Southeast Asia may make a coordinated bid to host the soccer World Cup, with countries sharing hosting rights, a senior Thai official said on Friday.
"Together we have 580 million people, together we would rank as the fifth-largest country in the world," Thai finance minister Korn Chatikavanij told Reuters in an interview. "Why not?"
The deadline for submitting bids for both the 2018 and 2022 World Cup finals passed last February and it was unclear whether the Association of South East Nations (ASEAN) was looking beyond those tournaments.
ASEAN groups Thailand, Malaysia, Vietnam, Singapore, Laos, Cambodia, Myanmar, Brunei, the Philippines, and Indonesia, which has submitted a bid to host the 2022 finals.
Eight of the 10 countries could each host a group of four teams in the competition, Korn said, adding that Japan and South Korea had set a co-hosting precedent in the 2002 World Cup.
Southeast Asia has had experience staging a big soccer tournament, when Vietnam, Thailand, Indonesia and Malaysia jointly held the 2007 Asian Cup, although the use of four host countries was widely criticised.
Great Idea
Speaking on the sidelines of an ASEAN summit in the Thai resort town of Hua Hin, the Oxford-educated Korn said Thailand's premier liked the idea and it was being floated informally with other leaders.
"It is a great idea.

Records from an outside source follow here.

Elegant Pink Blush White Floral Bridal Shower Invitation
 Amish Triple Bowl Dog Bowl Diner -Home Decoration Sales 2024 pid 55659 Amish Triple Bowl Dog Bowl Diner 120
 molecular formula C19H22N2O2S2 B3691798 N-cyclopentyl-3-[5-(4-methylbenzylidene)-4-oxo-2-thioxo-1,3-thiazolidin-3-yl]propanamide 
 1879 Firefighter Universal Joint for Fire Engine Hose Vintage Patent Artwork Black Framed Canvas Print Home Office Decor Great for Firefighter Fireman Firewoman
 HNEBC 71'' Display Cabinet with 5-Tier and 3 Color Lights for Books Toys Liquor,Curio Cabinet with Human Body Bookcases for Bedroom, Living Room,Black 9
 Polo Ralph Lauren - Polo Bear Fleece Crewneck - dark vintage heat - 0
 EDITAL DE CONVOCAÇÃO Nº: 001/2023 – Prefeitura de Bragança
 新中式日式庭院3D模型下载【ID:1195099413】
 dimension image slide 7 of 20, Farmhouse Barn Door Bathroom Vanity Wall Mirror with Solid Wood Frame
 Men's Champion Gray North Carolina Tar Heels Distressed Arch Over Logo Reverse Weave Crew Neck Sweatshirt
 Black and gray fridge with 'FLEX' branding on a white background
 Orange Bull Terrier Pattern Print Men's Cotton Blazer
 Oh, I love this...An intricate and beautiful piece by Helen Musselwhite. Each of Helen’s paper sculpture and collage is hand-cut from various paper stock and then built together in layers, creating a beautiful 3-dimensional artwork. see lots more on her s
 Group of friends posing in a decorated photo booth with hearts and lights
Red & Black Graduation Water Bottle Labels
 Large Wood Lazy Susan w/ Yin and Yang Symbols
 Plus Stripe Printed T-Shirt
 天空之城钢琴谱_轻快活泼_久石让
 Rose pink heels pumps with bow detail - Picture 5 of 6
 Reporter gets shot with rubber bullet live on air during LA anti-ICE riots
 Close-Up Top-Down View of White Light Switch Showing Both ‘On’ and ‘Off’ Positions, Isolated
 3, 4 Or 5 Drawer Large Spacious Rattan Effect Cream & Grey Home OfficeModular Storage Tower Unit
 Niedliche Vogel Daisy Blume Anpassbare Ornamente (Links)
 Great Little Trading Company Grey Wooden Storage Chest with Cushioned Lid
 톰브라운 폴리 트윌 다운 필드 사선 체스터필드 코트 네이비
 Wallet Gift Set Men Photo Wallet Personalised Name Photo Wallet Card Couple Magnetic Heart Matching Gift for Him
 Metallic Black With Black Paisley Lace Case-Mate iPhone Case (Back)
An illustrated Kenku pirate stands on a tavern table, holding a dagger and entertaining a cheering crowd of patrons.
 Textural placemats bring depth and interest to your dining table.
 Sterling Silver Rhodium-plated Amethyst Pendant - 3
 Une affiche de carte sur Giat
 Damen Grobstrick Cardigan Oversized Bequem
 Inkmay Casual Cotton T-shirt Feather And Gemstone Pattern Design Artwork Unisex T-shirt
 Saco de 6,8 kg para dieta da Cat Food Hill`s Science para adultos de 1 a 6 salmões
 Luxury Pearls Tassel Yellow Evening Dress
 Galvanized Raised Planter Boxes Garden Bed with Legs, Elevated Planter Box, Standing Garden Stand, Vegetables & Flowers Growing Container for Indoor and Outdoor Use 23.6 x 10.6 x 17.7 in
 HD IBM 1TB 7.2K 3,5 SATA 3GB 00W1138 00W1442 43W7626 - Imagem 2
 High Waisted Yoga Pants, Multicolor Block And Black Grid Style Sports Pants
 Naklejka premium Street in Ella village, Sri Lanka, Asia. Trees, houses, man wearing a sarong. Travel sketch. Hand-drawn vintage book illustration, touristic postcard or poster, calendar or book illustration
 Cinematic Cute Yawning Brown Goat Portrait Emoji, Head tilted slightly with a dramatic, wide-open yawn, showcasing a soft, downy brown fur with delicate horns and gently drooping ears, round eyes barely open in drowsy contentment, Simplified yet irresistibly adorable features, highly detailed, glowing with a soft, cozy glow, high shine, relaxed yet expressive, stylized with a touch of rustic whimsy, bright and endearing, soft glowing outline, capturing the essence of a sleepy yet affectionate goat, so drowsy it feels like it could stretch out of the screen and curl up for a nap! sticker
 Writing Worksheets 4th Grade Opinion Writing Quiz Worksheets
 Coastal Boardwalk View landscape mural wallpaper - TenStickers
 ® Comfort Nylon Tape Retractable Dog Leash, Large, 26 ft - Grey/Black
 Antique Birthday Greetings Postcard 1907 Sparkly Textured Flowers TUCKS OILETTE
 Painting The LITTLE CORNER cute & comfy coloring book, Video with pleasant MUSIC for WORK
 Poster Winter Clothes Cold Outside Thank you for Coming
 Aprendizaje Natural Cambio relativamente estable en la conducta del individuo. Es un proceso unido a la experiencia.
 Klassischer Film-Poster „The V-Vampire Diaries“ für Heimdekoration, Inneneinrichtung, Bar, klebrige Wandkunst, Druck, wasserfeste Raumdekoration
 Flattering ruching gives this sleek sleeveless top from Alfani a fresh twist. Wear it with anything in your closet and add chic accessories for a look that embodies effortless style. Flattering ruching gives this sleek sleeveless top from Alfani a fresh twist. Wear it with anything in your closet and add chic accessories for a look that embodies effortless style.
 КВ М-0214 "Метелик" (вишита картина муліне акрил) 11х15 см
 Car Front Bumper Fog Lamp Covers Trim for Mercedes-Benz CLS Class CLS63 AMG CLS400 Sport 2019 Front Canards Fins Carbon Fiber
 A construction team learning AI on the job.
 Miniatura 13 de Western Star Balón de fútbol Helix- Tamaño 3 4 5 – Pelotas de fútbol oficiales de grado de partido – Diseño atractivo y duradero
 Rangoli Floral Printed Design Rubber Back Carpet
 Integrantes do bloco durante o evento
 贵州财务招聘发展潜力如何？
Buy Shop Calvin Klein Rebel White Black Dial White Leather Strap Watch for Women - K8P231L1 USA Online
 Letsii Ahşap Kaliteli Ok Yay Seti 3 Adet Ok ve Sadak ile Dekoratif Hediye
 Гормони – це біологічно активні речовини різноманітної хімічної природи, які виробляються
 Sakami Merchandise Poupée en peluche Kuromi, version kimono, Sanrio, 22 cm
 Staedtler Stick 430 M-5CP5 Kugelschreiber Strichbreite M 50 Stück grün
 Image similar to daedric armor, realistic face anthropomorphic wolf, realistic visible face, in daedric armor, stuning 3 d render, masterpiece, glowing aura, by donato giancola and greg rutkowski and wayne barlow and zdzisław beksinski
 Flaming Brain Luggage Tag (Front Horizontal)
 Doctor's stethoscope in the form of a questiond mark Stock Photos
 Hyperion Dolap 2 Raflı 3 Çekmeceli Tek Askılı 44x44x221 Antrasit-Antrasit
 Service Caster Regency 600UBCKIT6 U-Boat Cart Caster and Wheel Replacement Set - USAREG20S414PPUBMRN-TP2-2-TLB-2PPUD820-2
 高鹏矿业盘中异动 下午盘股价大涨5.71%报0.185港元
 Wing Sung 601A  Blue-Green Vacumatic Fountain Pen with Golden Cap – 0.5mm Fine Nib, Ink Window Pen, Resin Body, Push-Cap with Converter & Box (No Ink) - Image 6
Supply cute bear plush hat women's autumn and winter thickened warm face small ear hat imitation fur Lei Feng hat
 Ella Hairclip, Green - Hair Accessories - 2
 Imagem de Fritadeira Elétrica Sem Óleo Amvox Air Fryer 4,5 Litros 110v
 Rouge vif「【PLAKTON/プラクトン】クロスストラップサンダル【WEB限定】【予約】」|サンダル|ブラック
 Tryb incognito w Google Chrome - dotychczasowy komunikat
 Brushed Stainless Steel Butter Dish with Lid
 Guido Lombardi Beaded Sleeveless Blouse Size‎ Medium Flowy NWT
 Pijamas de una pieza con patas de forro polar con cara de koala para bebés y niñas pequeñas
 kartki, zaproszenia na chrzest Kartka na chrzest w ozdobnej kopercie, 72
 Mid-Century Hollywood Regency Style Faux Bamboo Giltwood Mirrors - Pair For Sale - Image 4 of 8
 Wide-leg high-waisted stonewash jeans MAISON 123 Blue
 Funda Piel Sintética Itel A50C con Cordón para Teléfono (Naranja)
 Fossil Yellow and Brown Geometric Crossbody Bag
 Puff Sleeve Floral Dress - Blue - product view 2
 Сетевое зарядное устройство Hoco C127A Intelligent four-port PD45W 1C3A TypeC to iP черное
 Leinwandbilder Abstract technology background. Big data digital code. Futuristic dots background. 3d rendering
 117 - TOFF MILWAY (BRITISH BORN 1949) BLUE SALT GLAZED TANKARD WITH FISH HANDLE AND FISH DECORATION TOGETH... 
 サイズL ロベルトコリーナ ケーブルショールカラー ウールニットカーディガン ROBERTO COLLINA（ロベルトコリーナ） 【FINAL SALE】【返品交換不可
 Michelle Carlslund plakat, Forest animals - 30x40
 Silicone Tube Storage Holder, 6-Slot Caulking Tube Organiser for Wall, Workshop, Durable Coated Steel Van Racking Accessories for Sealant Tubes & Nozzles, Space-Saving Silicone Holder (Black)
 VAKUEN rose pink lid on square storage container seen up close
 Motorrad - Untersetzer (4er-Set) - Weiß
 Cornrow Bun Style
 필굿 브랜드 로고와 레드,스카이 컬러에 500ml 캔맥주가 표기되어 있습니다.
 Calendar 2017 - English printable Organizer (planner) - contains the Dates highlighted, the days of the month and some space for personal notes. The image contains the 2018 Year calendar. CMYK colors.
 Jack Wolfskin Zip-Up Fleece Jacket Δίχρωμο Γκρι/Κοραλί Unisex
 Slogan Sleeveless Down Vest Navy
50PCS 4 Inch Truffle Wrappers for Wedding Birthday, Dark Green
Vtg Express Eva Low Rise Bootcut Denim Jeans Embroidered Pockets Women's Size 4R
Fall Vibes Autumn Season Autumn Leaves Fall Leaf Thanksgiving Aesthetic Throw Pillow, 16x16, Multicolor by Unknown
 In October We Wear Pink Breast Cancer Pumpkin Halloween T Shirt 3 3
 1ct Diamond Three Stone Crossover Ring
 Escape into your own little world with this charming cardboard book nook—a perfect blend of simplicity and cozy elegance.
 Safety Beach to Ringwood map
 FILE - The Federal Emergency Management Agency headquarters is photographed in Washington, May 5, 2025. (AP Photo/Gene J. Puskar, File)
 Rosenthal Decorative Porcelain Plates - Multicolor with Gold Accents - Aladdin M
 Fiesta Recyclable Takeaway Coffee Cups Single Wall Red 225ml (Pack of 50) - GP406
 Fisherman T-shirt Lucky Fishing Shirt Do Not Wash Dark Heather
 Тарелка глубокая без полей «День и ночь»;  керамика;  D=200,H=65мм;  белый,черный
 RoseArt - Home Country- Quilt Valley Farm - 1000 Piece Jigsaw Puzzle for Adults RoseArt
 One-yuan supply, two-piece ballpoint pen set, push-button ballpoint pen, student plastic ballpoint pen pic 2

Imagine the eight streams in the World Cup, you can easily have a country in charge of each stream," he said. The costs, including the bill from building big new stadiums, would be spread around the region, he said.
Korn said Southeast Asia could hold an intra-ASEAN competition with the winner representing Southeast Asia, or could field a team representing the whole region.
"We are talking in 10 years' time. But it is good to have preparations made many years in advance," he said.
"It would be wonderful for football, great for the ASEAN people and very good for ASEAN as an organisation, better than monetary union."